I had some notes here somewhere about the Iranian valet parkers at the restaurant where I used to work - the Communist, the Wild and Crazy Guy, the Devotee, the Strongman, the Seeker, and Milo (short for Minderbinder). I lost those, but maybe they'll turn up. There were a few points I wanted to make about the Maginot Line, or Hard Christians, or low-voltage outdoor lighting or something, but I can't seem to shape them up. An article on Rome, a monograph upon the consequences of nitrogenous outflows from golf courses, a screed against For-Profit Insurance. No, no, none of them will do. I can't seem to write about hybrid SUV's or Swift Vote Veterans...

Big Fog
When I was a kid, I learned about the Revolution, and the Founders, and the Constitutional Convention. They taught me that our forefathers didn't really want to let slavery slip into the Constitution, but the stern reality of the time forced them to bank their ideals in the ashes of the Greater Good, and that our (inherent) nobler instincts sprang ablaze in the Civil War. I learned all that in school. That was in 1964, the year that Lyndon Johnson signed the Civil Rights Act, and California passed Proposition 14, which reversed the state's Fair Housing Act. I didn't know about the legislation then, because I was a little kid, and because none of the adults I knew cared about it. There were no Negros (as they were then tagged) in our town.

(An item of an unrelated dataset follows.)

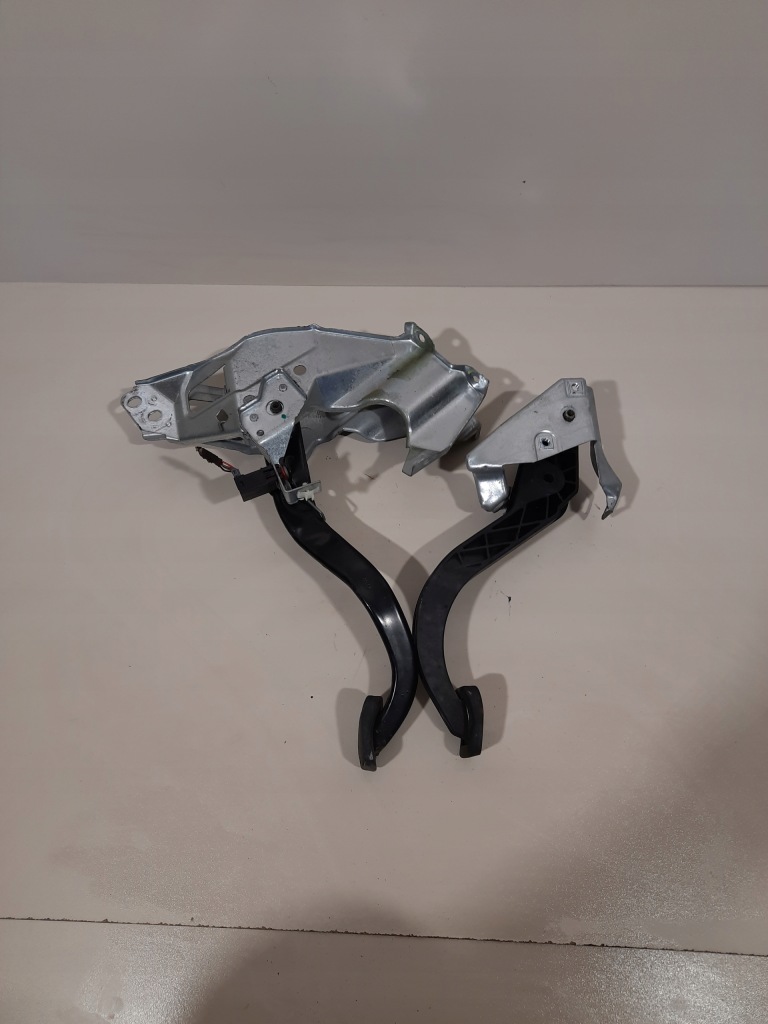 фото №4, Педаль зчеплення i гальма opel astra h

The following summer, they had a big thing called the "Watts Riots", which was in all the TV's. It even had a slogan, which was "burn, baby, burn". About a kajillion dollars worth of substandard rental housing and nearly every small business (there was no Big Business) in a large chunk of South Central LA got combusted.

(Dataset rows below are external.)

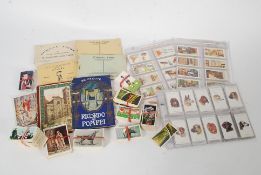 A large quantity of assorted vintage cig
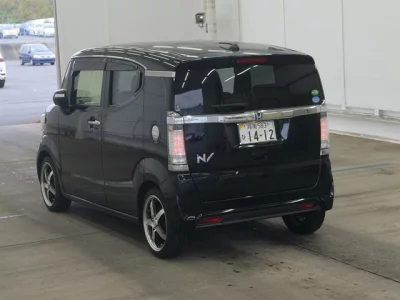 HONDA N BOX SLASH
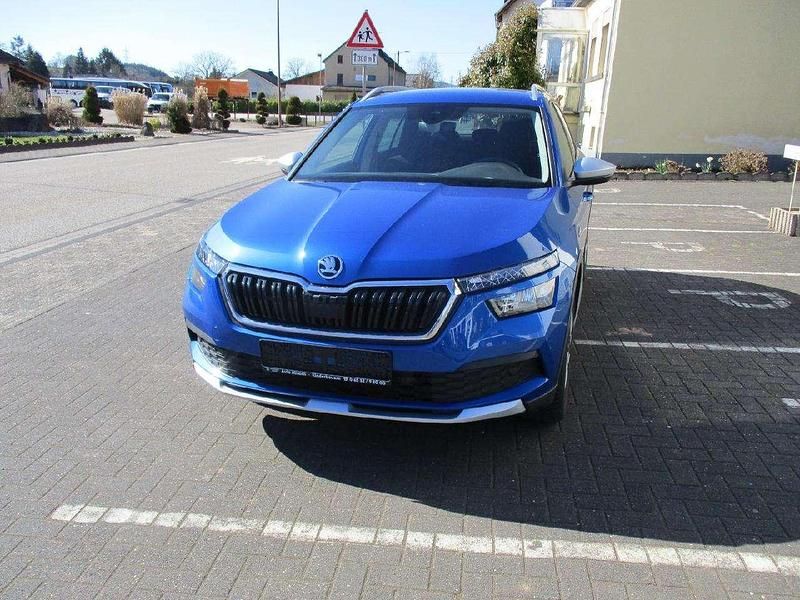 Raceblau metallic (metallic) Gebraucht 2023 Skoda Kamiq ScoutLine SUV | 23.990 € (Guter Preis) - Bild 1/4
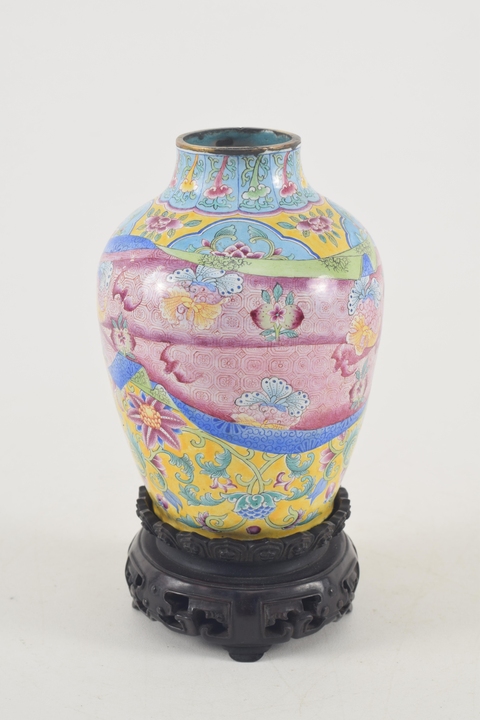 古玩陶瓷銅胎畫琺瑯花卉紋瓶真品鑒賞圖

I really believed the stuff I learned in school, and I still do - right down to my toes. But Watts planted a tiny seed of doubt in my young mind. It bugged me then, and it has never stopped bugging me. I've moved from town to town since then, and in nearly every one of them, there has been a "black part of town". Everybody knows it, and it doesn't even seem very strange to say "black part of town", as long as there are no black folks around.

Okay, it's strange to some white people, and some of them fret (night and day) about The Disadvantaged and so forth, but hardly anybody will come out and say that The Great Experiment had a big, fat, steamin' lie at its very core, and we've been covering it up, lying about it, making excuses for it ever since. Lord knows enough blood was spilled in the Civil War to attone for any kind of sin, but we chose to throw that sacrifice away back then, and go on with our lying and denying.

Now it's years later, and we've come to this point. Set aside Race, and all the talk and code-talk that goes with it. Just look at electoral politics, and the War on Terror, and other things that your TV tells you to see. Everybody knows that we're staring into the mirror of history this year, and we're deciding how we want to be forever. I want to believe what I was taught in school - that democracy will inevitably defeat Evil and that our shining Ideals will make all the bad assholes realize what losers they are and just cave before our mighty Right. That seems logical to me.

I wish I could hold that thought clear and pure. I really do. I blame those damn Watts riots for the irritating little whisper in my back-brain that wants me to think that we're really lying bastards who will do anything to anybody if it makes us richer, and that we'd rather live with an elephant turd in the dining room than face ourselves, and that we're headed for a fall.